La chambre sociale de la Cour de cassation traite, dans son arrêt, de la question du statut de conjoint salarié, en particulier de l'exigence d'un lien de subordination dans le cadre d'une société dirigée par le conjoint.
Cet arrêt clarifie l'application de l'article L. 121-4 du Code de commerce et ses implications pour les conjoints participant à l'activité professionnelle de leur époux.
L'article L. 121-4 du Code de commerce, dans sa rédaction issue de la loi n° 2008-776 du 4 août 2008, prévoit que le conjoint du chef d'une entreprise artisanale, commerciale ou libérale, qui exerce de manière régulière une activité professionnelle au sein de cette entreprise, peut opter pour le statut de conjoint salarié. Ce statut est applicable même lorsque le chef d'entreprise est dirigeant d'une société.

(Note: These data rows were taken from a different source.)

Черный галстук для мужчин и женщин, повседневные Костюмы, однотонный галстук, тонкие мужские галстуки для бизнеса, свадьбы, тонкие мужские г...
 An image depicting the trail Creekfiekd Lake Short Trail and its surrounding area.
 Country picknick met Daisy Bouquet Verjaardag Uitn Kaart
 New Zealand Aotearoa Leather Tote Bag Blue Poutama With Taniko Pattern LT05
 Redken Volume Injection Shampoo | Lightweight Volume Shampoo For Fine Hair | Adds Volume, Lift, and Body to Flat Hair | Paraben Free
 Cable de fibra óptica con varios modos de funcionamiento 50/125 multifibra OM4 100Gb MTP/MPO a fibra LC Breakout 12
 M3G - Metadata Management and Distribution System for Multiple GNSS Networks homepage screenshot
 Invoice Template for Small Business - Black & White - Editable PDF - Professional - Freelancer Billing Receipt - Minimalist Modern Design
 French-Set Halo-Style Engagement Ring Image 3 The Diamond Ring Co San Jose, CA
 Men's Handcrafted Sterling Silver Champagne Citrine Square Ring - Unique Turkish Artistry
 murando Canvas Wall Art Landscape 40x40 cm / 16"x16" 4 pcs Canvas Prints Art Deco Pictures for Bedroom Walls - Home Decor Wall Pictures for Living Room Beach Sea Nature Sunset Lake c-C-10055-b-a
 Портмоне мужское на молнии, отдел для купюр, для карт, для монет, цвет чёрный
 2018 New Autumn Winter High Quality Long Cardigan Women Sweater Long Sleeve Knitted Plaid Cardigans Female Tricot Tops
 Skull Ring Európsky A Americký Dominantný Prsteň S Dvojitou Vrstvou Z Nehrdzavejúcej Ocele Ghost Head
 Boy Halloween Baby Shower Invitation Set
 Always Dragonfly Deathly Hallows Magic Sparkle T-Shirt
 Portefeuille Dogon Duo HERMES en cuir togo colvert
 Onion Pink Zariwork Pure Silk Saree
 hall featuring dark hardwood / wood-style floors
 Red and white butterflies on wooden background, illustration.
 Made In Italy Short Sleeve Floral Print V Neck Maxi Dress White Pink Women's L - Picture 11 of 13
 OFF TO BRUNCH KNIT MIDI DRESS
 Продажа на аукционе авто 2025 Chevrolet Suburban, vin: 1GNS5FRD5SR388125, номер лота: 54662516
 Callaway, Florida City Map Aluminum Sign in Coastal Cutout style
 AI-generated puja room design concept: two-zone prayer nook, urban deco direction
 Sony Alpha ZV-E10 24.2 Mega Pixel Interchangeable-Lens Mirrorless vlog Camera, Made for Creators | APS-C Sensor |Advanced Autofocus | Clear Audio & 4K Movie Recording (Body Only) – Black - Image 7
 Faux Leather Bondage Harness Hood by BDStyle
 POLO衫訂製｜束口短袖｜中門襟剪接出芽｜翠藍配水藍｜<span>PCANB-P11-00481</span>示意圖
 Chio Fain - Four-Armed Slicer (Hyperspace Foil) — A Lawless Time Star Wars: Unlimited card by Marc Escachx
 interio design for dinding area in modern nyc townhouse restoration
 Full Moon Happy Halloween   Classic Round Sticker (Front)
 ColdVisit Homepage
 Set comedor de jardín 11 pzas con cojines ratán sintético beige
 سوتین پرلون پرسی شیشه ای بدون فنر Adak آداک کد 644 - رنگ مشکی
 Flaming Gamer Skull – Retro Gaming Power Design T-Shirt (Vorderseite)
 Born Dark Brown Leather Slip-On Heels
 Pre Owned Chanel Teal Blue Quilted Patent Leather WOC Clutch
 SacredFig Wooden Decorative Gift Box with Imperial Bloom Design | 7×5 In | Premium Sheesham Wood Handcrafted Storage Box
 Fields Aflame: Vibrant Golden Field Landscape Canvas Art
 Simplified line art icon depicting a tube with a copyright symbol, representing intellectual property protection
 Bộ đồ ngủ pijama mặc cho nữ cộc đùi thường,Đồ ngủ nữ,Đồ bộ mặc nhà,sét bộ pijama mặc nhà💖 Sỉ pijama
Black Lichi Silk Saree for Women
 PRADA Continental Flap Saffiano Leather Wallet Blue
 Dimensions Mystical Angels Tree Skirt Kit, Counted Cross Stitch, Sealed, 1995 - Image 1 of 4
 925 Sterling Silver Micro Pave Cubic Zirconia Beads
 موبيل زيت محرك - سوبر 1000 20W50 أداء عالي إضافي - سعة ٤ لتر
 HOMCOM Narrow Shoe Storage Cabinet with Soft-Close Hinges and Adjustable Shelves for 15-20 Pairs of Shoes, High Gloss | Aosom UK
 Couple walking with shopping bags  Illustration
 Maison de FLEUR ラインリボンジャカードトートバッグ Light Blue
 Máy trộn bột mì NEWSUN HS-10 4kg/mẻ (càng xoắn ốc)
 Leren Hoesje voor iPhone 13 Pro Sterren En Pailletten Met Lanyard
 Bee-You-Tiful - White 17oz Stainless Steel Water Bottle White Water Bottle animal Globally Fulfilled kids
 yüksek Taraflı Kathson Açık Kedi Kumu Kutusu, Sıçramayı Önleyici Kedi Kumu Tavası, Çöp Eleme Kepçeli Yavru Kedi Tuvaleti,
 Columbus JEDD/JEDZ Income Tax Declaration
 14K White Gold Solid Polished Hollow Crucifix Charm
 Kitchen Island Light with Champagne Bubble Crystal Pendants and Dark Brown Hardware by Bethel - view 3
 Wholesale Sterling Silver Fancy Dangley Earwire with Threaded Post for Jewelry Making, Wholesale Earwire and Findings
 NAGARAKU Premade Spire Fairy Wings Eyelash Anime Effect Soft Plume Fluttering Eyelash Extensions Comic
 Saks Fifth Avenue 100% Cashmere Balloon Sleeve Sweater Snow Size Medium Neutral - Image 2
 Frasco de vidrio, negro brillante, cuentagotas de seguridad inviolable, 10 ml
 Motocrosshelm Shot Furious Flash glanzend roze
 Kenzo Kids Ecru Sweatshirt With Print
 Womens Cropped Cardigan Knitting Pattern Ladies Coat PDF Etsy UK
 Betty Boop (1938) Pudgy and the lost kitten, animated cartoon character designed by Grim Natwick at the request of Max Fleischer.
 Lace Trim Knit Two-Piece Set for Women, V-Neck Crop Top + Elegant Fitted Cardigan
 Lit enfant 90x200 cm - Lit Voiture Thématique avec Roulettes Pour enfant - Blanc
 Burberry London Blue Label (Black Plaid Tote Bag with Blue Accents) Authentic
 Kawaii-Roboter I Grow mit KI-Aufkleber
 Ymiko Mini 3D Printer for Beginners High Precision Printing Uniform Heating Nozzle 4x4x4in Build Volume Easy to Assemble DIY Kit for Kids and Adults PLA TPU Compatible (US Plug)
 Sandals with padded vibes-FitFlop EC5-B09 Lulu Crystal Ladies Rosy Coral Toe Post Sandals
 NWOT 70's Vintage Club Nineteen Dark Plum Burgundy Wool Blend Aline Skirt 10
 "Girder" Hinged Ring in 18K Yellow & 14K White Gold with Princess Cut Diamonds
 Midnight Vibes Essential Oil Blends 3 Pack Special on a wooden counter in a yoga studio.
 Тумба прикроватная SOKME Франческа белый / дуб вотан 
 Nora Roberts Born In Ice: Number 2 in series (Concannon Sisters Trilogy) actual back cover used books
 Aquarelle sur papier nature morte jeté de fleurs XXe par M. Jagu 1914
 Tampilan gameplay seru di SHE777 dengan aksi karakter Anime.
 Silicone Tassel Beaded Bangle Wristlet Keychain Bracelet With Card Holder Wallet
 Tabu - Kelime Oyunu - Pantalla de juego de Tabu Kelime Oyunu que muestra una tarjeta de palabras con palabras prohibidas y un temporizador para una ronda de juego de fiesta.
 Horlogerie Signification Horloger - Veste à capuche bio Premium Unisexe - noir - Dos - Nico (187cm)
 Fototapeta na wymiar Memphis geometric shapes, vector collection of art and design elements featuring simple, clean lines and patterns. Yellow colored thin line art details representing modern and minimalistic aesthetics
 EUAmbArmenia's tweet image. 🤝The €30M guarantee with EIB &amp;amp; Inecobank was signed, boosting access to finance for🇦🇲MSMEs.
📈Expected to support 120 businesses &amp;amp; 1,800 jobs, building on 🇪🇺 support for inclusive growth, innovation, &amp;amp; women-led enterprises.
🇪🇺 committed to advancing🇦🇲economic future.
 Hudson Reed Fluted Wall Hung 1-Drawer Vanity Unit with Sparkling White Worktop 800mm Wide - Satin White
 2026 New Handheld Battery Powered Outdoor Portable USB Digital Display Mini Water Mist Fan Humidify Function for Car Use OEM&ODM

La Cour de cassation a affirmé que l'existence d'un lien de subordination n'est pas une condition nécessaire pour bénéficier du statut de conjoint salarié.
Elle censure la décision de la cour d'appel qui avait exigé la preuve d'un lien de subordination pour un conjoint se prétendant salarié d'une société dirigée par son époux. La Haute juridiction rappelle que le statut de conjoint salarié peut s'appliquer même en l'absence de lien de subordination, dès lors que le conjoint participe de manière professionnelle et habituelle à l'activité de l'entreprise.
Cet arrêt revêt une importance particulière. Il clarifie la qualification de contrat de travail et la qualité de salarié dans le cadre du statut de conjoint salarié.
Il marque une avancée importante dans la reconnaissance des droits des conjoints salariés. En affirmant que le statut de conjoint salarié n'est pas subordonné à l'existence d'un lien de subordination, même dans le cadre d'une société dirigée par le conjoint, la Cour de cassation garantit une application plus large de l'article L. 121-4 du Code de commerce.